Darío Fresco: “Salí de Cuba en el 2001, pues mi trabajo fotográfico en ese momento cuestionaba, era una crítica al sistema comunista de la Isla. Tuve ciertas contradicciones con instituciones y personas afiliadas a los medios de comunicación (director del departamento de fotografía de la revista Bohemia, en la Asociación Hermanos Saíz, de la que era miembro, Casa de México en la Habana Vieja entre otros), debido a esto, la imposibilidad de expresión y la creciente paranoia que invadía mi mente, comencé a buscar la manera de salir de Cuba. Gracias a una amiga tuve la oportunidad de emigrar a Toronto, Canadá, en agosto del 2001, donde actualmente resido. No mantengo ninguna conexión con Cuba, nunca más he regresado en estos 15 años. Hoy trabajo en la construcción y continúo mi obra fotográfica”.

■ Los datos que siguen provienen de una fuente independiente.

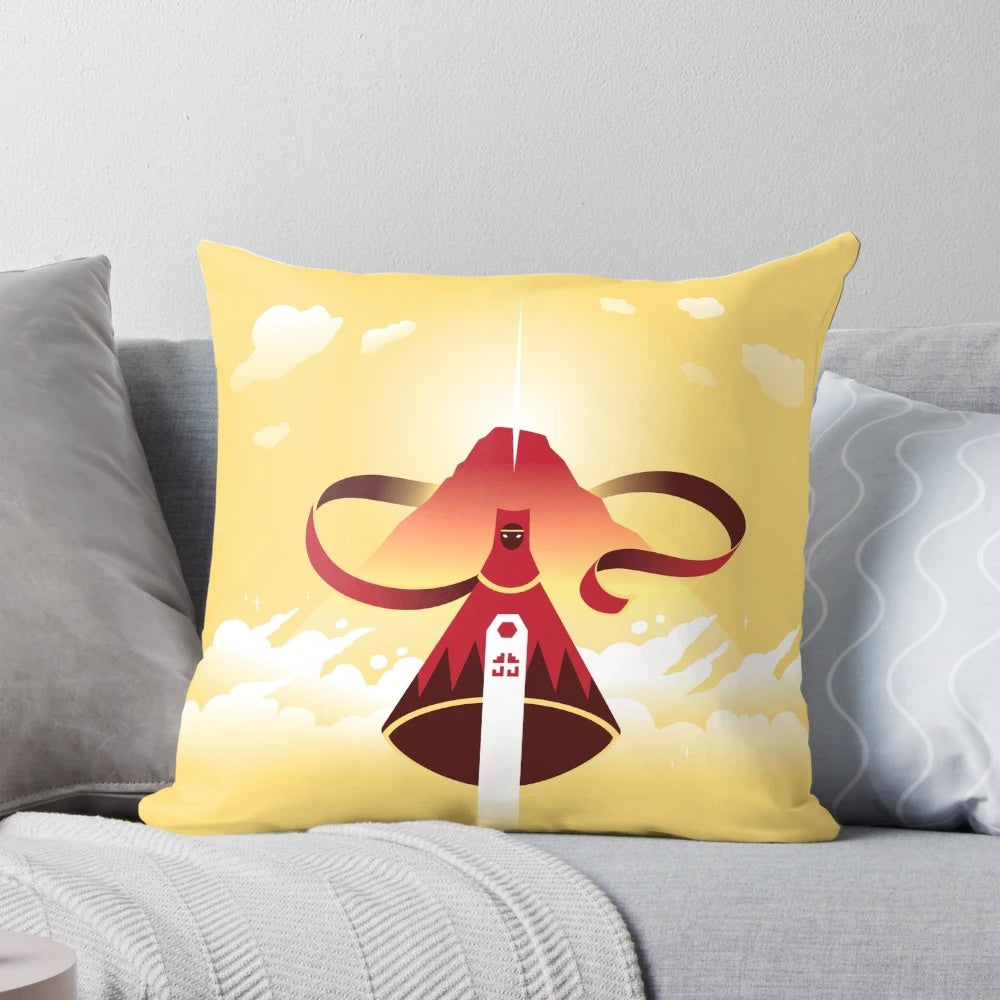 The Traveler Pillow featuring imagery from the video game "Journey" by thatgamecompany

Juan Si González:Desde 1988 estuve censurado debido a un conjunto de acciones performáticas realizadas en la calle. Operábamos bajo el nombre de grupo Art-De (Arte y derecho) y estábamos tratando de crear un espacio público en el Parque 23 y G, donde se pudiera debatir y deliberar libremente sobre nuestra realidad social. También hacíamos videos clandestinos sobre temas sociales y colaborábamos con Amnistía internacional a la cual le enviábamos testimonios de violaciones. La represión y las detenciones se agudizaron en 1990. Pude salir de Cuba en el 91 gracias a la ayuda de una amiga que se casó conmigo. Meses después, dos de mis amigos, Jorge Crespo y Marco Antonio Abad, fueron detenidos y condenados a dos años en prisión.  A finales de 1991 pude salir rumbo a Panamá. Luego viajé a Bogotá, donde estuve 6 meses esperando por mi visa para entrar en Costa Rica. Desde el 4 de Julio de 1993 estoy en los Estados Unidos. Primero residí en Miami, luego en Miami Beach, New York y ahora vivo en la ciudad de Dayton, Ohio. Luego de mi salida estuve castigado por 11 años en que no podía regresar a Cuba. En el 2003 me permitieron regresar. He ido en dos ocasiones más debido a la muerte de mi madre y mi padre. Sigo vinculado a Cuba. Allá tengo muchos amigos que estudiaron conmigo y aún me queda familia. Hago todo lo que esté a mi alcance para apoyar a quienes luchan pacíficamente por un cambio en mi país. Soy un artista inter/disciplinario. Para ganarme el pan enseño arte en Antioch College y trabajo como fotógrafo y diseñador independiente”.